Meta-Entity Driven Triplet Mining for Aligning Medical Vision-Language Models


Yilmaz M. B., ÖZTÜRK Ş., Kara M., Yavuz M. T., Gumeler E., Koc A., ...Daha Fazla

IEEE Journal of Biomedical and Health Informatics, 2026 (SCI-Expanded, Scopus) identifier identifier

  • Yayın Türü: Makale / Tam Makale
  • Basım Tarihi: 2026
  • Doi Numarası: 10.1109/jbhi.2026.3678306
  • Dergi Adı: IEEE Journal of Biomedical and Health Informatics
  • Derginin Tarandığı İndeksler: Science Citation Index Expanded (SCI-EXPANDED), Scopus, BIOSIS, Compendex, EMBASE, INSPEC, MEDLINE
  • Anahtar Kelimeler: multimodal alignment, radiography, triplet mining, vision-language model
  • Hacettepe Üniversitesi Adresli: Evet

Özet

Imaging-based diagnostics rely on evaluation of both medical images and radiology reports, but increasing data volumes strain medical experts, leading to errors and workflow delays. Medical vision-language models (med-VLMs) offer an efficient approach for processing multimodal imaging data, especially for chest X-rays (CXRs), though their success depends on effective image-text alignment.

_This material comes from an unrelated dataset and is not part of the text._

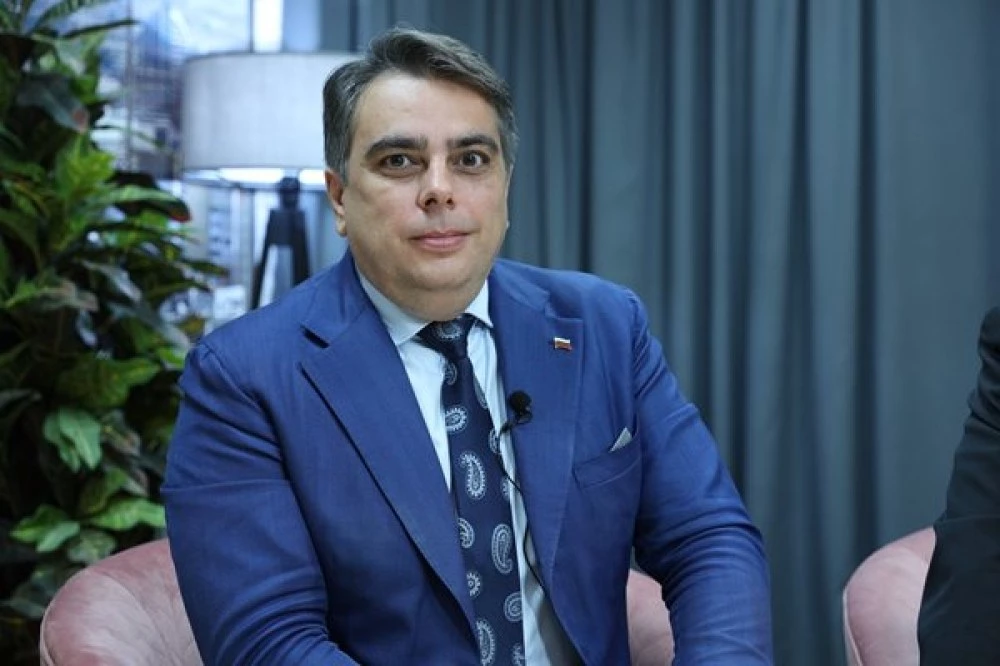 Асен Василев: Законът за удължаване на бюджета ще бъде приет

Existing alignment methods for med-VLMs, primarily based on contrastive learning, often focus on coarse-grained disease class separation and overlook fine-grained pathology attributes such as location, size, or severity, which results in suboptimal representations. We introduce MedTrim (Meta-entity-driven Triplet mining), a novel alignment method that improves precision via structured triplet learning guided by meta-entities extracted from radiology reports. Unlike conventional contrastive and triplet frameworks for representational learning that rely on global class labels or implicit similarity references, MedTrim explicitly models hierarchical relationships between pathology attributes to preserve clinically meaningful intra-class variation. To do this, MedTrim leverages a domain-specific ontology to identify adjectival qualifiers and directional descriptors of pathology, a novel entity-aware triplet mining score to capture hierarchical inter-sample similarity, and a multimodal alignment objective that enforces consistency across image-text pairs sharing detailed pathology attributes without compromising within-modality relationships. MedTrim improves performance in downstream retrieval, classification, and generation tasks compared to leading alignment methods.